The first up of these control structures is one that makes code easy to reuse: functions!
Functions
A function is a piece of code that you can reuse more than once that can take some arguments and return some values. It's essentially just like a normal math function. Take for instance the classic f
in math:
f(x) = y
In this function above, it takes x
and outputs y
. You may not know how it translates x
-> y
, but you know you get y
from inputting x
. You can make the same type of functions in x86 and most assembly languages. Earlier in call-instructions, we actually provided you with a function. Here it is again:
// args in rdi, output in rax
make_even:
mov rdx, rdi
mov rax, 2
idiv
mov rax, rdx
cmp rax, 0
je make_even_done
add rdi, 1
make_even_ret:
mov rax, rdi
ret
A very simple function to take whatever number it is given and make it even. If you are not sure how it does that, review instructions and how even and odd numbers work in math.
Calling Convention
In this example, the first argument to the function (the input), is passed in rdi. The output is passed in rax. This passing of arguments and returns actually is called something. A calling convention. A calling convention is the way in which you pass arguments to a callable thing. The thing in this case is functions in x86. Just like flavors of syntax, there are many different calling conventions. The most widely used calling convention, and the one you are most likely to see in the wild, is the 64-bit System V calling convention.

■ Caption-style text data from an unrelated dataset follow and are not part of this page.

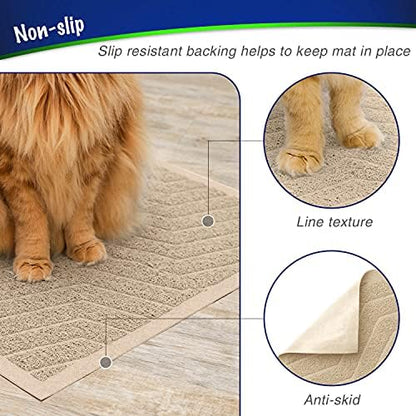 WePet Cat Litter Box Mat(No. 02-2), Kitty Premium PVC Pad, Durable Trapping Rug, Phthalate Free, Urine-Resistant, Scatter Control, L 35 x 23, Beige - Image 4
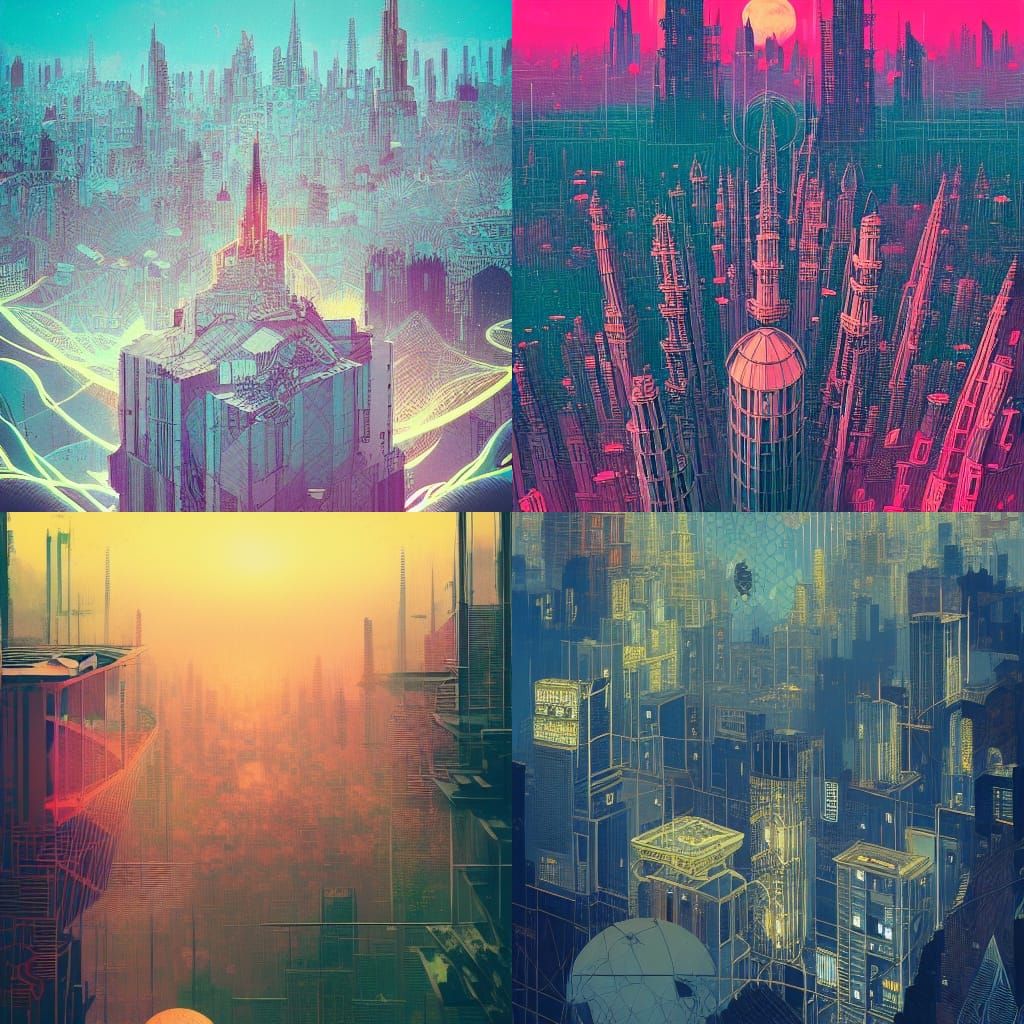 Intricate geometric city skylines 4 of 9 - AI Generated Artwork ...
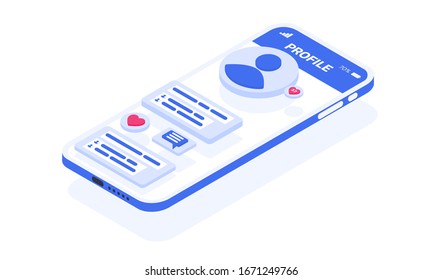 The social network application is open on the smartphone. User page with photo, likes, and comments. Vector isometric illustration of a social network mobile application.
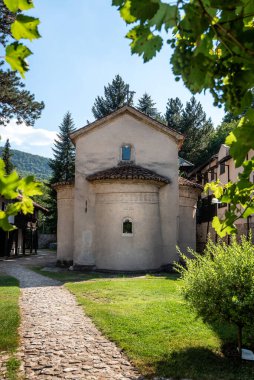 Orthodox Christian Monastery. Serbian Monastery of Saint Nicholas (Manastir Nikolje). 15th century monastery located in Ovcar-Kablar gorge, near Ovcar Banja, Serbia, Europe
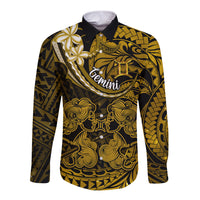 Polynesian Pride Gemini Zodiac Long Sleeve Button Shirt Astrological Sign Tribal Plumeria Gold Galaxy - Wonder Print Shop
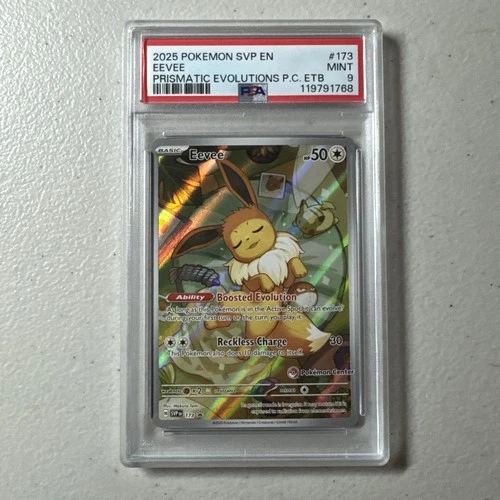 PSA 9 Eevee SVP173 Promo Pokemon Center Exclusive Prismatic Pokemon Graded Card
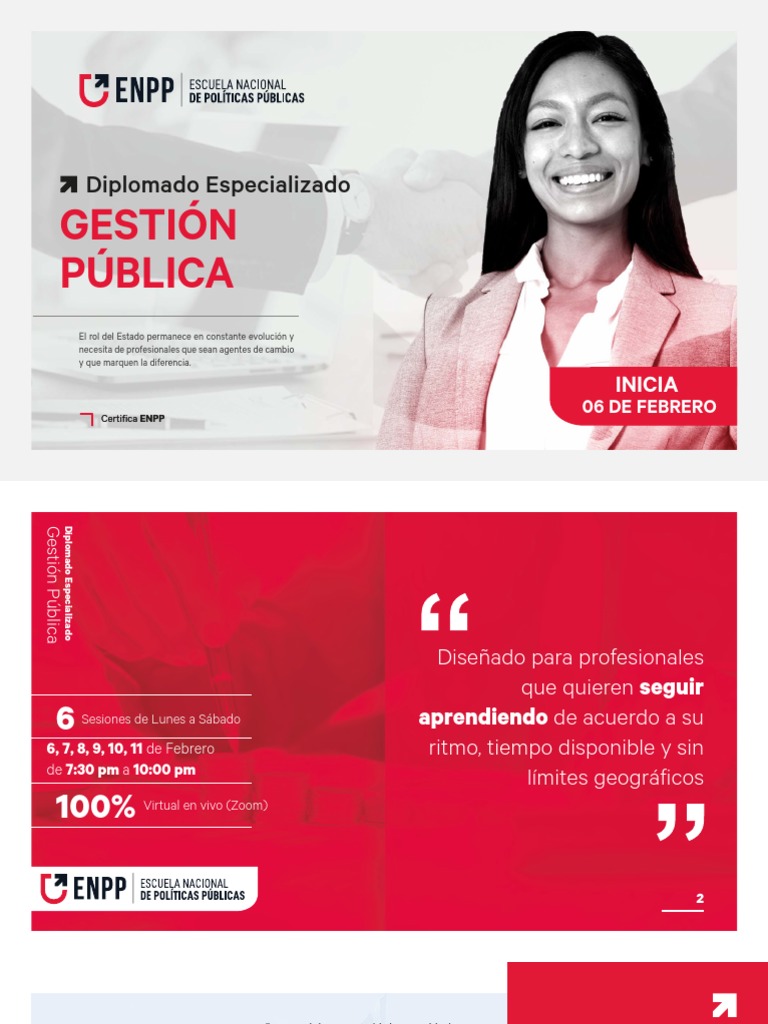 Diplomado Gestion Publica - Brochure ENPP | PDF | Administración ...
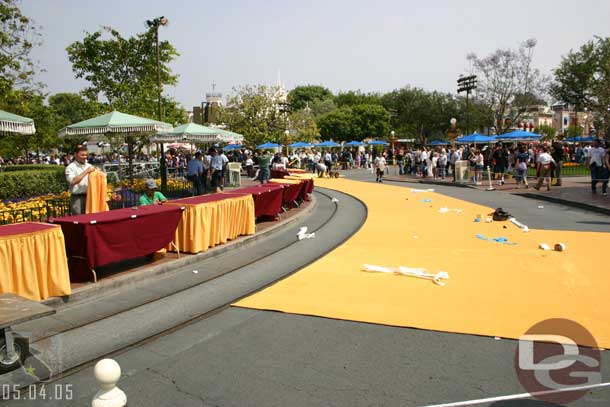 The Gold Carpet being installed for the evening event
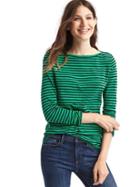 Gap Women Stripe Long Sleeve Slub Tee - Green Stripe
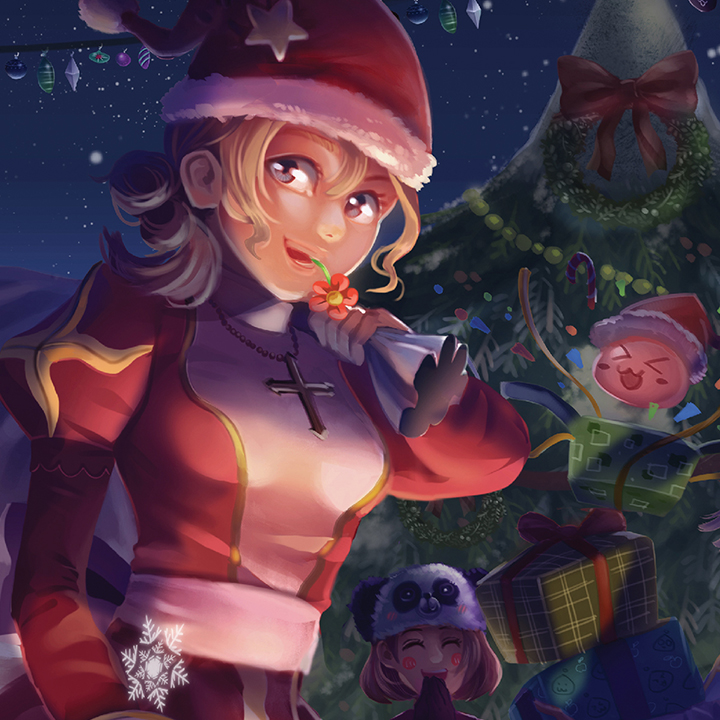 3girls :3 alchemist_(ragnarok_online) bangs blonde_hair blush bow brown_gloves candy candy_cane christmas christmas_tree christmas_wreath closed_eyes commentary confetti cross cross_necklace dress food fur-trimmed_headwear gift gloves grey_eyes hat high_priest_(ragnarok_online) jewelry juliet_sleeves long_sleeves lunacerra merchant_(ragnarok_online) multiple_girls necklace open_mouth out_of_frame panda_hat poring puffy_sleeves ragnarok_online red_bow red_dress red_headwear santa_hat sash short_hair slime_(creature) smile snow two-tone_dress upper_body white_dress white_sash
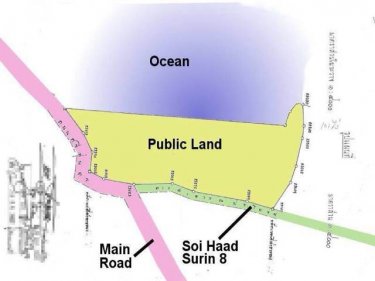 A map that purports to show all land behind Surin beach is public space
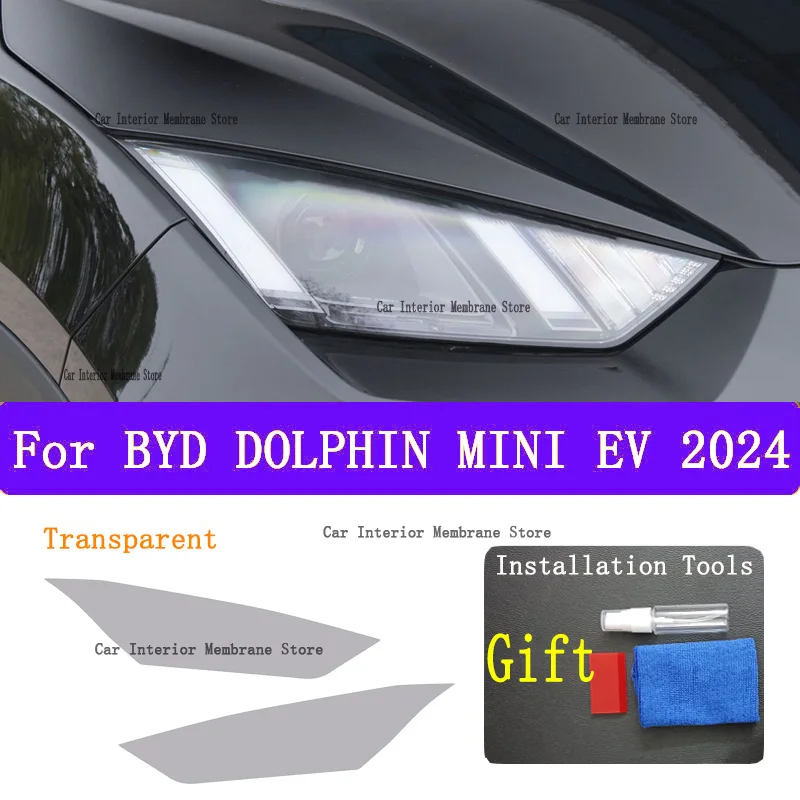 For BYD Dolphin MINI EV 2024 Car Exterior Headlight Anti-scratch Front Lamp Tint TPU Protective Film Repair Accessories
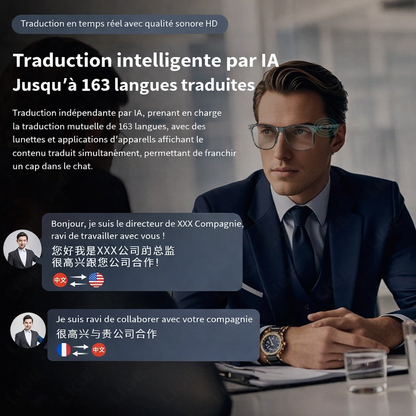 Lunettes Smart LIGE Bluetooth - Appels Sans Fil Micro Haut-Parleurs Traduction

In System V (the one we use here), this is how args are passed:
Argument | 1 | 2 | 3 | 4 | 5 | 6 | 7 | 8 | 9 | 10+... | return |
---|---|---|---|---|---|---|---|---|---|---|---|
Location | rdi | rsi | rdx | rcx | r8 | r9 | r10 | r11 | rsp | rsp+n | rax |
Arguments passed 8 are all passed on the stack. Argument 9 would be rsp
, 10 rsp + 8
, and so forth. System V is the calling convention we will be using for the rest of the handbook and the EmbryoASM modules we will have you do at the end of this section. The return value is always one thing and its passed in rax.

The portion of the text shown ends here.